• Work to be completed
Without the pictures, output the records below exactly as they are.

======== Stored data ========

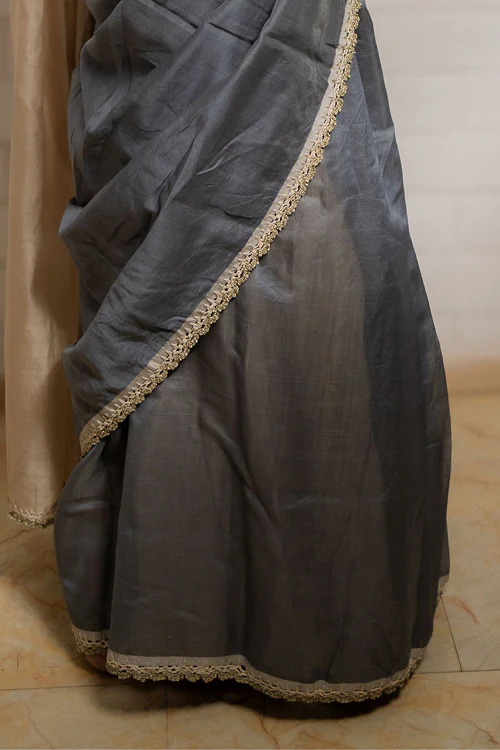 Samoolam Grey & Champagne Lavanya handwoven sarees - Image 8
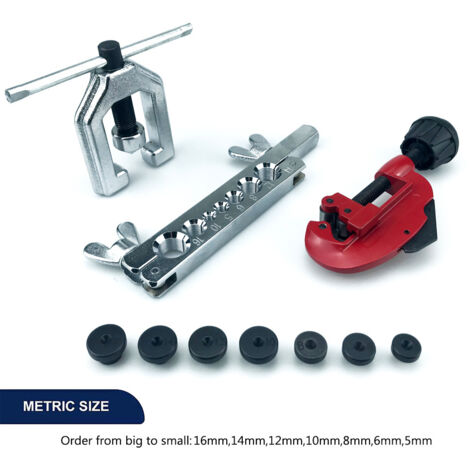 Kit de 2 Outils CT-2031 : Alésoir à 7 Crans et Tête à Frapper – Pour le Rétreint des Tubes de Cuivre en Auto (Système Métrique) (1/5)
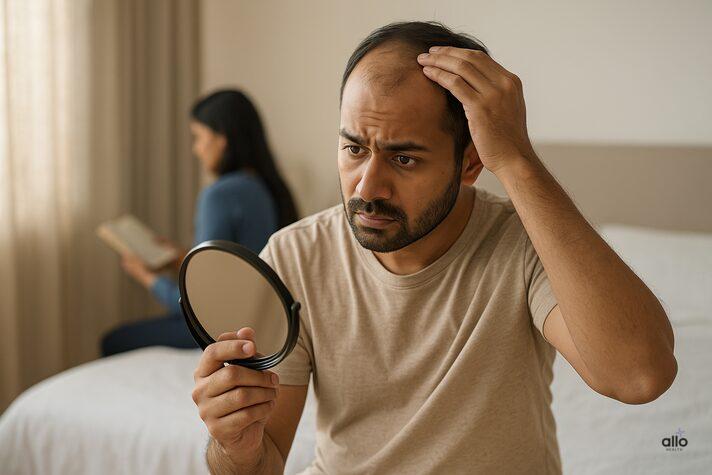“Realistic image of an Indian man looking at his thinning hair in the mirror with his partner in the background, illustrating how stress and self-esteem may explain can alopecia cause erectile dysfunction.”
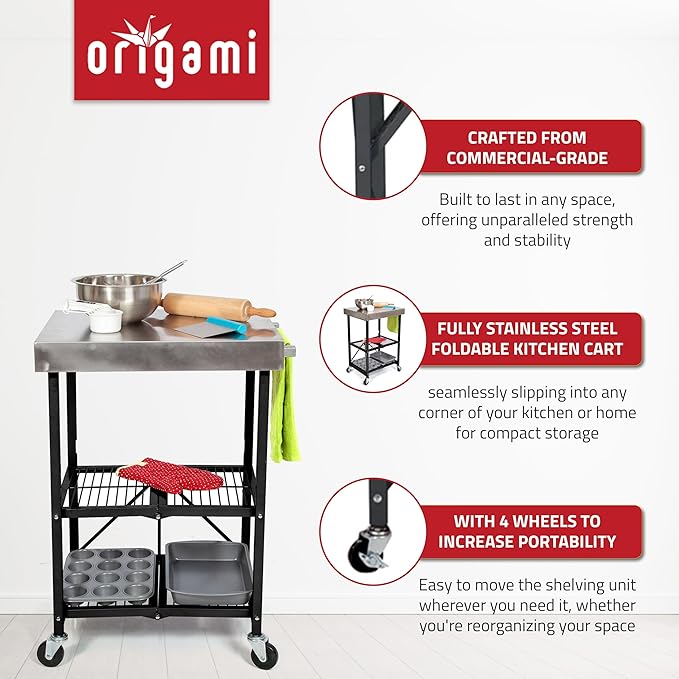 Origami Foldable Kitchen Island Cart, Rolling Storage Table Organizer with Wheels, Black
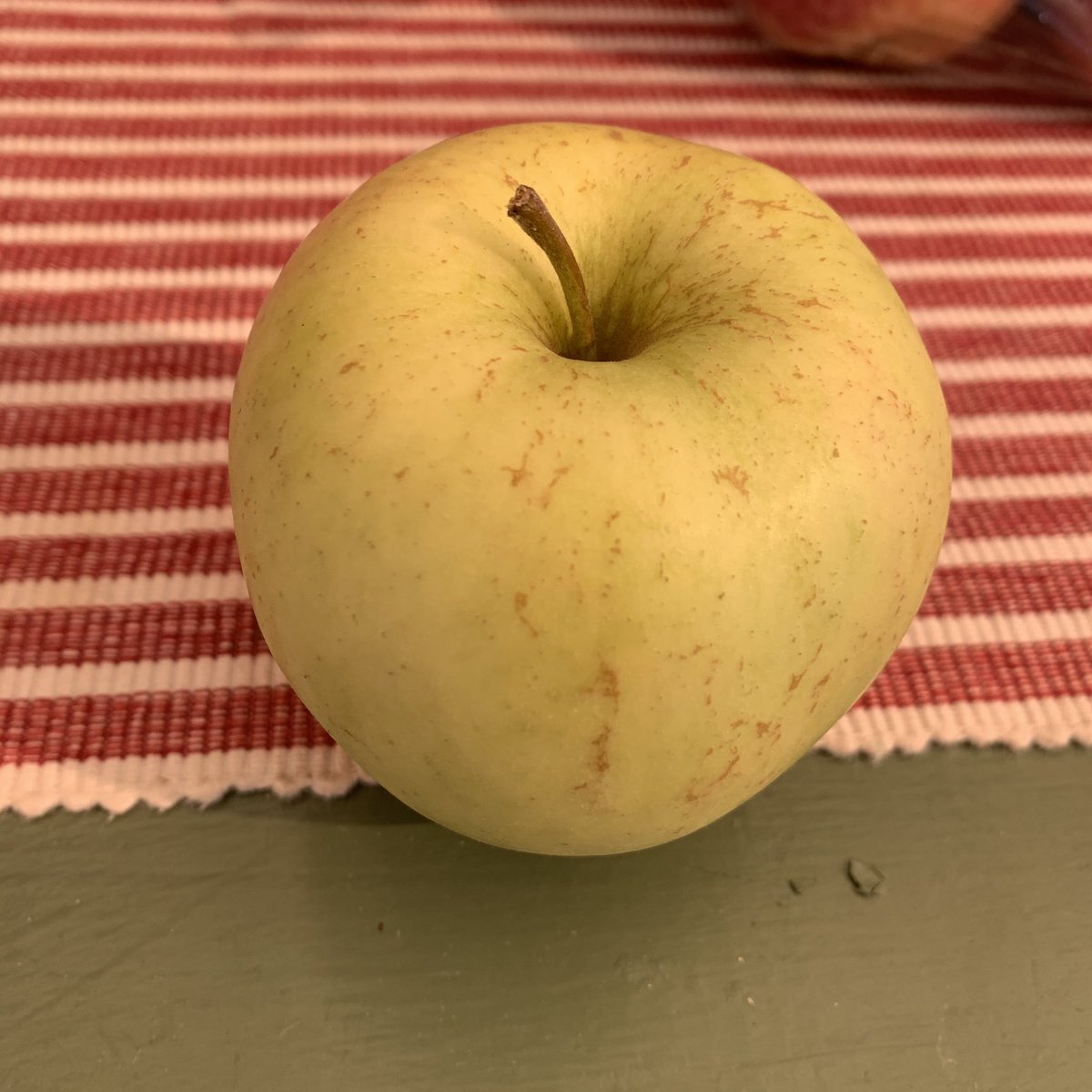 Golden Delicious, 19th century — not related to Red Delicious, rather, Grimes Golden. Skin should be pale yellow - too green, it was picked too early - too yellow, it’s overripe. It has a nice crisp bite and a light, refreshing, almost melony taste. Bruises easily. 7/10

========

• Answer box
 Samoolam Grey & Champagne Lavanya handwoven sarees - Image 8
 Kit de 2 Outils CT-2031 : Alésoir à 7 Crans et Tête à Frapper – Pour le Rétreint des Tubes de Cuivre en Auto (Système Métrique) (1/5)
“Realistic image of an Indian man looking at his thinning hair in the mirror with his partner in the background, illustrating how stress and self-esteem may explain can alopecia cause erectile dysfunction.”
 Origami Foldable Kitchen Island Cart, Rolling Storage Table Organizer with Wheels, Black
 Golden Delicious, 19th century — not related to Red Delicious, rather, Grimes Golden. Skin should be pale yellow - too green, it was picked too early - too yellow, it’s overripe. It has a nice crisp bite and a light, refreshing, almost melony taste. Bruises easily. 7/10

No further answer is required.